A French court in 2018 granted Psagot’s request not to enforce the Commission’s directive on its bottles of wine, but also requested the ECJ to review the decision.
International law
In considering whether to make the labelling mandatory, “the court first of all underlined that the settlements established in some of the territories occupied by the state of Israel are characterised by the fact that they give concrete expression to a policy of population transfer conducted by that state outside its territory, in violation of the rules of general international humanitarian law”.
“The court then held that the omission of that indication, with the result that only the territory of origin is indicated, might mislead consumers.”
The Fourth Geneva Convention outlaws the transfer of an occupying power’s population into occupied territory – settlements built for Israelis on occupied Palestinian territory precisely fit these criteria and their presence is therefore contrary to international law, the International Court of Justice said in a 2004 advisory opinion.
In a tacit nod to the boycott movement, judges on Tuesday concluded “such considerations could influence consumers’ purchasing decisions”.

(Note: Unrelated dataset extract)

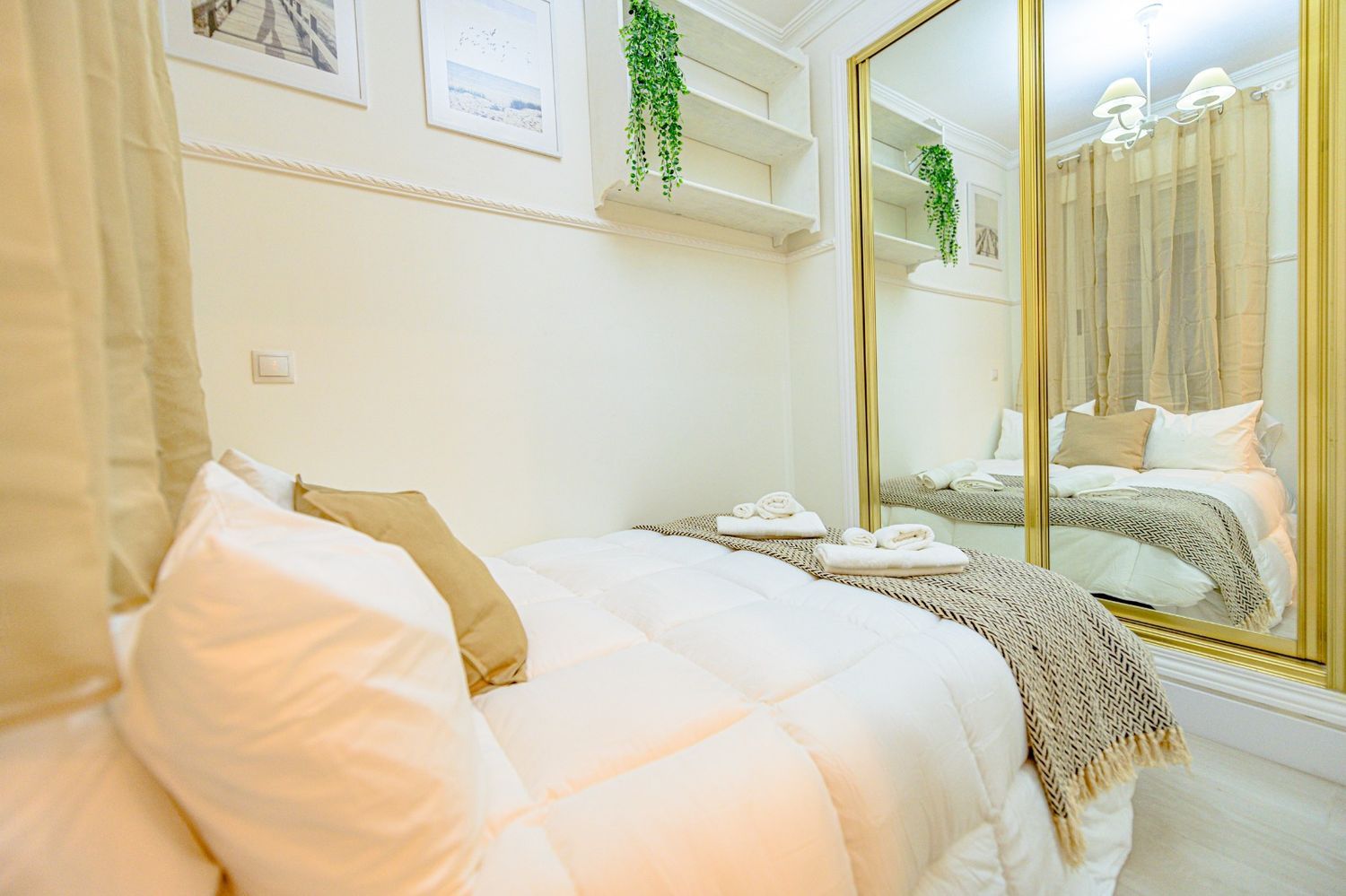 Piso en calle de Cartagena, 80 - Foto 10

The court underlined that the occupied Palestinian territories could not be considered “Israel”, even though the state of Israel carries some de facto or de jure jurisdiction in some of those areas – and the labelling was necessary “in order to prevent consumers from being misled as to the fact that the State of Israel is present in the territories concerned as an occupying power and not as a sovereign entity”.
The Palestine Liberation Organization (PLO) welcomed the ruling.
“Our demand is not only for the correct labelling reflecting the certificate of origin of products coming from illegal colonial-settlements, but for the banning of those products from international markets,” said Saeb Erekat, the PLO’s executive committee secretary-general, according to the Palestinian Wafa news agency.
He called upon European countries “to implement what is a legal and political obligation”.
The case will now be referred back to a French court for a final ruling. But now that the ECJ – the supreme court of the EU – has issued its ruling, it is likely that more EU member states will enforce the labelling guidelines which were previously deemed to be merely a recommendation.
“In theory, the ECJ ruling is a legal direction,” Scott Lucas, professor of international politics at the University of Birmingham, told Al Jazeera.
“In practice, this is likely to be dependent on action by national governments and authorities – initially in this case by French courts and agencies. It is not clear how the ECJ ruling could be enforced, whereas a national government could mandate the Israeli settlement labelling.
“A precedent for this is in Canada, where the federal court ruled in August that Canadian agencies must implement the labelling directive. The ECJ decision is significant in opening up the possibility of this branding injunction – but it is not definitive in practice.”